> What you will do:
Could you repeat the listing below exactly while leaving its pictures behind?
(Given information)
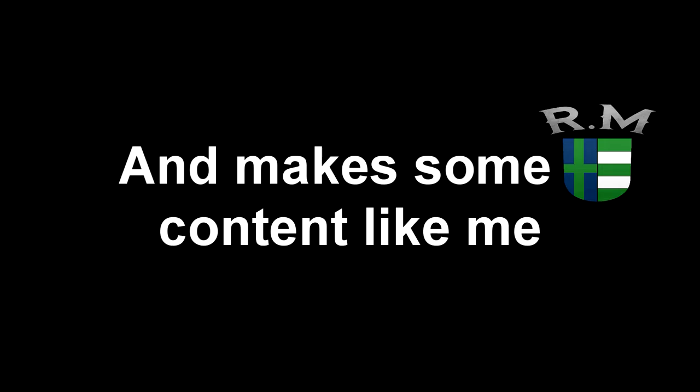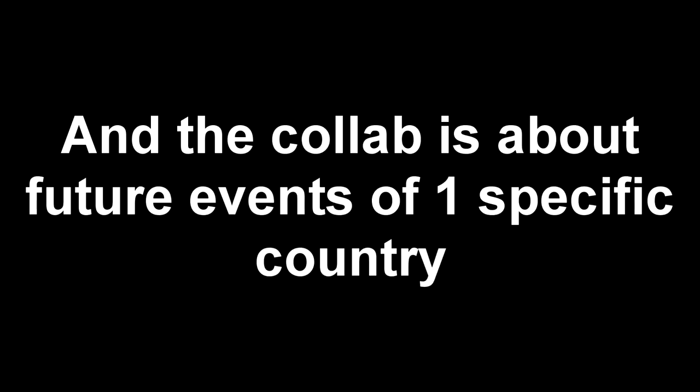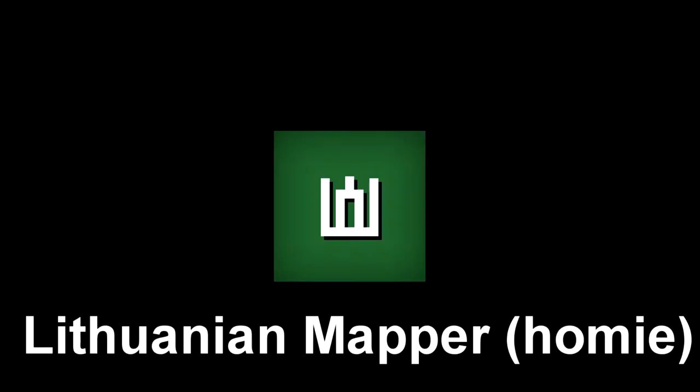He makes real-time content like me, and the collab is about the future events of one specific country. It's going slowly now, but we're willing to finish it this summer. The second collab is with my homie Lithuanian Mapper.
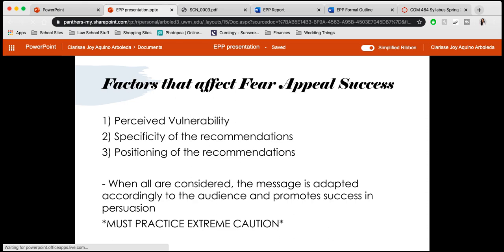If you're going to use fear appeals within your persuasion or argument, you must practice extreme caution, because this can be highly unethical. Some people know they're using someone's fears as a way to promote their side, which might seem abrasive or intrusive. So you must practice extreme caution.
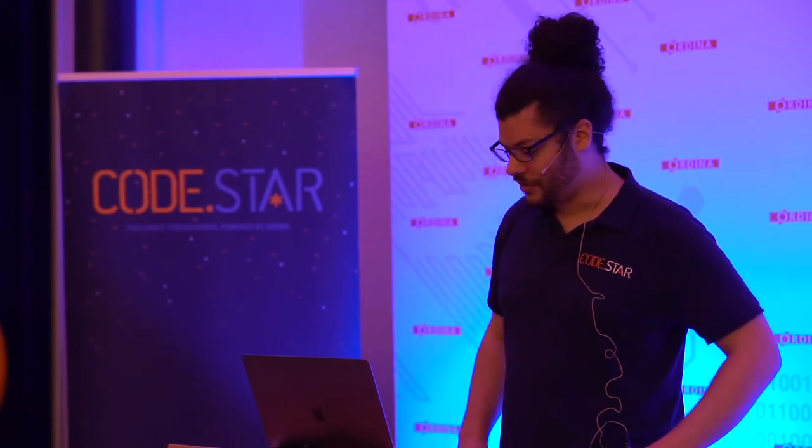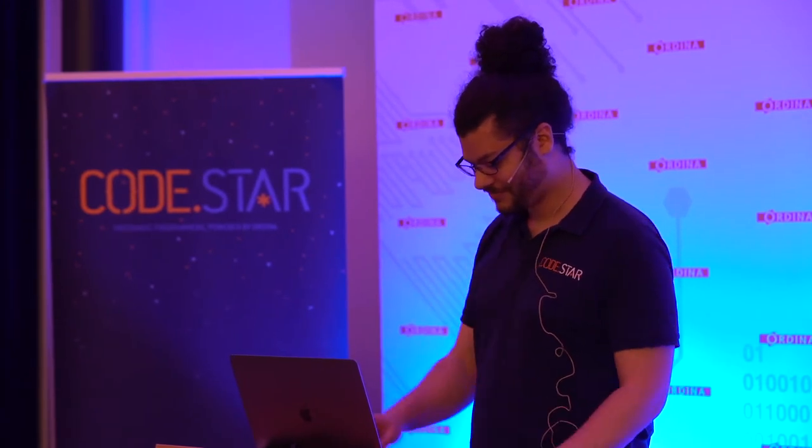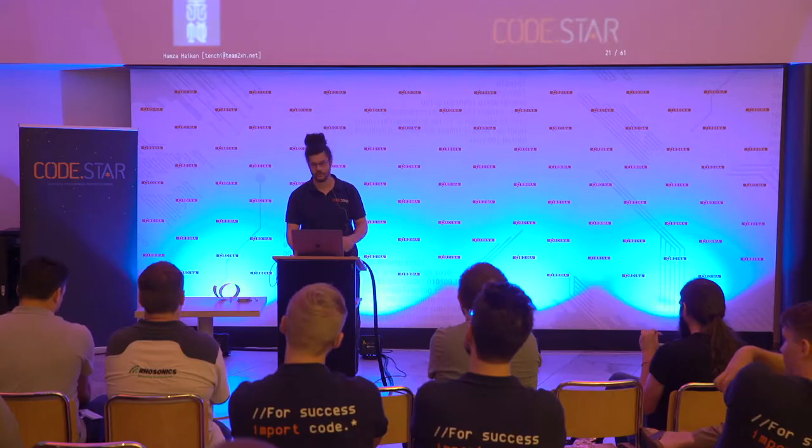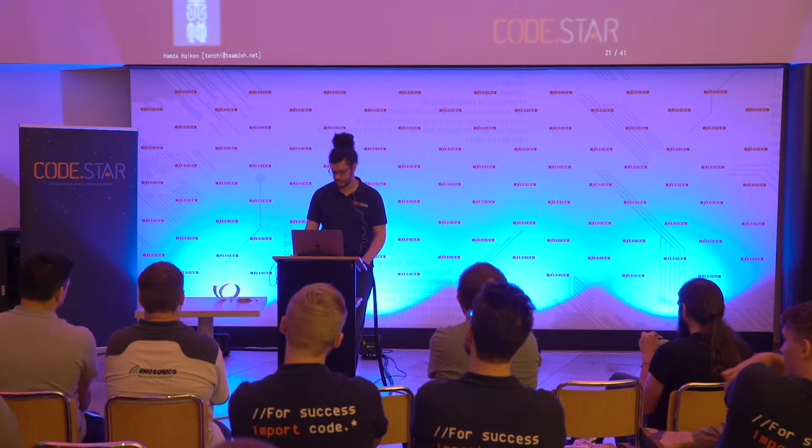So, you don't need original ideas to code fun things. You just pick something that already exists and you will learn a lot. I think one nice aspect about this is that it will give you a new appreciation for stuff you're using every day. Maybe you're using a CLI tool every day, you never made one and you'll know how it works.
(End Given information)
> Solution for this exercise:
He makes real-time content like me, and the collab is about the future events of one specific country. It's going slowly now, but we're willing to finish it this summer. The second collab is with my homie Lithuanian Mapper.
If you're going to use fear appeals within your persuasion or argument, you must practice extreme caution, because this can be highly unethical. Some people know they're using someone's fears as a way to promote their side, which might seem abrasive or intrusive. So you must practice extreme caution.
So, you don't need original ideas to code fun things. You just pick something that already exists and you will learn a lot. I think one nice aspect about this is that it will give you a new appreciation for stuff you're using every day. Maybe you're using a CLI tool every day, you never made one and you'll know how it works.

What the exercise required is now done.